Algorithmic Stablecoins

Algorithmic stablecoins explained

Stablecoins are tokens pegged to the price of another asset, such as the US Dollar. The first stablecoin to have been created was Tether (USDT). Currently, it still dominates the market despite its name being tainted by years of rumors, gossip, and concealed records that remain unaudited publicly. When it was created, USDT was a very unique stablecoin product that enabled a broad range of innovation across the crypto economy.

The benefits of stablecoins

Stablecoins make it easier for dedicated investors like day traders to get seriously invested in the crypto space, as it offered a cheap way to transfer fiat between crypto and USD as the market fluctuated. Because stablecoins are cryptocurrencies, they are also easy to transfer between wallets and crypto exchanges, which greatly increased the liquidity in the broader crypto economy, even making it easier for traders to take advantage of arbitrage opportunities between exchanges.

The great DeFi boom that started in 2020 would not have happened in the same way without sizable pools of USD-pegged stablecoins at hand that could move easily between decentralized applications, wallets, and now even across various blockchains. Especially in the borrowing and lending sector of the decentralized finance economy, stablecoins play a key role. Because there is a demand for them, there is usually a high rate for borrowing and lending for stablecoins. Any user is able to earn interest with stablecoins by depositing them into a lending pool, leaving it to the smart contracts to act as the traditional banks in this scenario, where hodlers are providing the liquidity to borrowers. 

Different types of stablecoins

While stablecoins are meant to be stable, they do still involve risk to a varying degree depending on the mechanism that maintains the peg. There are three types of stablecoins: algorithmic, fiat-backed, and crypto-backed. Fiat-backed stablecoins are cryptocurrencies that are collateralized 1:1 with a fiat currency. Crypto-backed stablecoins are backed with a specific cryptocurrency. As for algorithmic coins, they use complex smart contracts to match the price to another asset. 

The first two types of stablecoins are the most established ones, but it’s the third type, the algorithmic stablecoin, that is considered the Holy Grail of Stablecoins. If a project is able to launch a reliable, scalable, decentralized, fully auditable stablecoin that cannot be manipulated or controlled by a central authority, it would quickly become the primary stablecoin of the crypto economy across centralized exchanges, DEXes, DeFi apps , GameFi and the Metaverse.

So let’s take a quick look at some of the algorithmic stablecoins that have been making decent headway so far.

UST

Terra is a blockchain protocol that aims to provide a more scalable experience for a decentralized economy with its interchain and interest-bearing stablecoin UST, powered by the native LUNA token.
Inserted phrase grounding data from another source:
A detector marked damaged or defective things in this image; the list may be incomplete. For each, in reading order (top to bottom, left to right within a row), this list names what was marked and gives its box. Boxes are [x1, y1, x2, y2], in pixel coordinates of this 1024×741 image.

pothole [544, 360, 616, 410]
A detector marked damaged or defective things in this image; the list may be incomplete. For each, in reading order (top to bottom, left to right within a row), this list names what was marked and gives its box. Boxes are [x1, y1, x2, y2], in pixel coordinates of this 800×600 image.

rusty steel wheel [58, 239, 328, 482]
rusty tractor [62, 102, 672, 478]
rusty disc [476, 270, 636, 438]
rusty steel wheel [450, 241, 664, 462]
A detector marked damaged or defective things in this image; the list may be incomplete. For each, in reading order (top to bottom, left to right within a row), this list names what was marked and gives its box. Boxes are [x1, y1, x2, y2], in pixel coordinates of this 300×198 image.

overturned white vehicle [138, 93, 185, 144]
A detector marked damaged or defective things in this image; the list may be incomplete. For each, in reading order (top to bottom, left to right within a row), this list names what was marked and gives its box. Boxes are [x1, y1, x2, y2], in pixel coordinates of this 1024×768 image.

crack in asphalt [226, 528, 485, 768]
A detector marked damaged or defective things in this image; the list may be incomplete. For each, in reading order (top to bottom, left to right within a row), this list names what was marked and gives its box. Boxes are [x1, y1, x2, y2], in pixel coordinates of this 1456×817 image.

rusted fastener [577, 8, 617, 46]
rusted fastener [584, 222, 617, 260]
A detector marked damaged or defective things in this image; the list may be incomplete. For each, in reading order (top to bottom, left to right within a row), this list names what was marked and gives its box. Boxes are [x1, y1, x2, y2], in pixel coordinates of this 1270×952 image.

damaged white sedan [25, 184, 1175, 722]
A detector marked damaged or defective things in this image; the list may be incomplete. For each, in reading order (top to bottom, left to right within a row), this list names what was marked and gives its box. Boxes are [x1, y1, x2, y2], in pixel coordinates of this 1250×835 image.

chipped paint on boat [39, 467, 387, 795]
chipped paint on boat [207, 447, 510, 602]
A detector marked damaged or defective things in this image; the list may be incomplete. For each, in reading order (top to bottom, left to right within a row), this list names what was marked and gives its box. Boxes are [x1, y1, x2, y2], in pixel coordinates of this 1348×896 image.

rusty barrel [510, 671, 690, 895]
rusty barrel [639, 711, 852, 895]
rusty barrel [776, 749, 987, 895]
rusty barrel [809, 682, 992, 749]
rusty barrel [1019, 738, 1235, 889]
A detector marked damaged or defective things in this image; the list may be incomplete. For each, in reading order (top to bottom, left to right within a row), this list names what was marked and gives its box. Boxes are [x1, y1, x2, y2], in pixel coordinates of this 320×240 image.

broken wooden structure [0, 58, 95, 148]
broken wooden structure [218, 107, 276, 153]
UST has seen rapid adoption since its launch in September 2020, currently ranking as the 4th largest stablecoin, with a 10 billion market cap.

As an algorithmic stablecoin, UST uses LUNA as the asset that absorbs the short-term volatility of the stablecoin peg. The pegging mechanism is designed to ensure that the cost of minting UST will always be equal to the face value of the minted stablecoin. To mint one UST, only $1 worth of LUNA needs to be burned. When UST falls below or rises above the $1 mark, LUNA holders can exchange their tokens for the equivalent dollar amount in UST which creates arbitrage opportunities that in turn keep the price of UST in check.

The stablecoin has been instrumental to the success of Anchor Protocol, one of the leading decentralized applications on the Terra blockchain. The application is a savings protocol that provides its users with low-volatility yields of about 20%. Anchor has gained immense traction in the DeFi universe. It reached $750M+ in total value locked (TVL) just one month after launching, and currently stands at 11 billion in TVL.

UXD

UXD Protocol, is a newer algorithmic stablecoin that automatically generates interest and is minted on the Solana blockchain. The project is backed by Alameda Research, Defiance Capital, CMS Holdings, Solana Foundation, Mercurial Finance, Solana founders Anatoly Yakovenko and Raj Gokal, and Saber founder Dylan Macalinao.

UXD is taking a very new approach to creating a price pegging mechanism. The peg is backed by delta-neutral positions, a hedging strategy from portfolio management that uses multiple positions with balancing positive and negative deltas – the degree to which an option is exposed to shifts in the price of the underlying asset.

The delta-neutral position that underpins the UXD coin is long one BTC spot position, and short one BTC perpetual-swap position. As an added bonus, UXD is also an interest-bearing stablecoin because when you create a delta-neutral position, you receive the funding rate from the perpetual swap when the price of the perpetual swap is higher than the spot price. UXD coin is still in its testing phase on the Solana blockchain, but the idea is that this yield will eventually go directly into the UXD holder’s wallet, and should average out to about 10% APY.

FEI

FEI is also another notable algorithmic stablecoin. One of the biggest differences refers to the fact that it does not feature the mechanism for swapping collateral for stablecoin. On the contrary, digital wealth comes into the system by leveraging a bonding curve, which sells FEI in exchange for ETH. Then, the digital wealth remains locked in the Protocol Controlled Value or PCV, which is basically the pool of collateral for the stablecoin.

PCV helps in maintaining the peg by managing liquidity on DEXes like Uniswap. With the limitations on sell-side liquidity, FEI is designed to avoid the ‘death spiral’ scenario. The FEI protocol leverages its TRIBE governance token which enables holders to participate in voting for things like the addition of new bonding curves for selling additional FEI, determining the approach for allocation of permanent capital vehicle (PCV) value, and modifications in other parameters of governance.

The stablecoin currently only has a market cap of $420 million, but that could change rapidly if it can prove to be a reliable peg during times of high volatility.